Can I let clients inside the animal hospital now?

  • 1.  Can I let clients inside the animal hospital now?

    Posted 06-30-2020 08:21
    Edited by Tim Atkinson 09-22-2020 13:38
    Updated: Sep 22, 2020
    Earlier this year the Department of Agriculture and Markets has issued "Interim Guidance to Veterinarians Resuming Elective, Non-Urgent Veterinary Procedures and/or Examinations"

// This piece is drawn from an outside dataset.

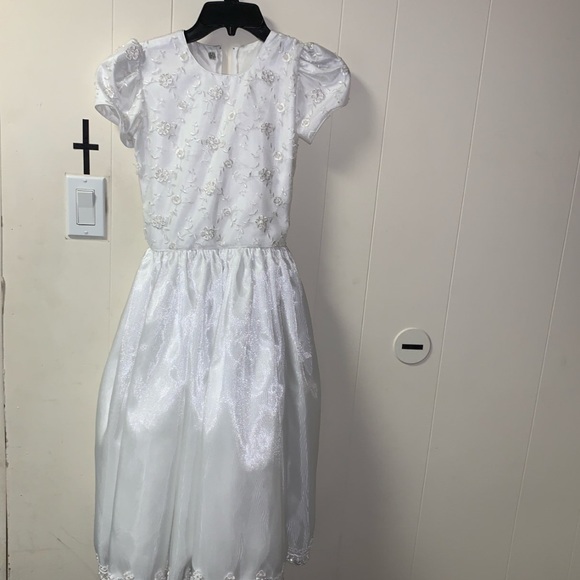 White Floral Dress With Headpiece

    • Curbside intake and pickup of animals should be used, wherever practical, to minimize the number of clients in waiting areas and exam rooms.
    • When curbside intake is impracticable,a protocol must be developed to minimize, to the greatest extent possible, contact between or among the staff, the client,and others at the veterinary facility.
    • In situations in which a handler must accompany an animal into a veterinary facility for drop off or pick up, to the extent possible, there should be only one handler per animal patient.
    • Where social distancing cannot be maintained, both the handler and the facility staff should use appropriate nose and mouth coverings when within 6 feet of each other.
    • Veterinarians and their staff may use their judgment to allow an additional person(s)to accompany the patient and handler in exigent circumstances (e.g.euthanasia)

    Now that we are in September, many are asking "How much longer will this go on for - when restrictions have already been lifted on activities like indoor dining?"

    While it is true that the Governor's office is coordinating a phased re-opening, the drivers for lifting restrictions appear to be focused on reopening education and giving some relief to areas of the economy that are struggling. For example, the NY restaurant industry is in deep crisis with many restaurants already out-of-business. Each loosening of restrictions increases risk, and the affects are cumulative. New York State is among the nation's leaders in controlling the spread of Covid-19, and therefore we expect to see the government continue to be cautious as it reviews safety measures, and prioritize reviewing those that enable people to return to work or continue education.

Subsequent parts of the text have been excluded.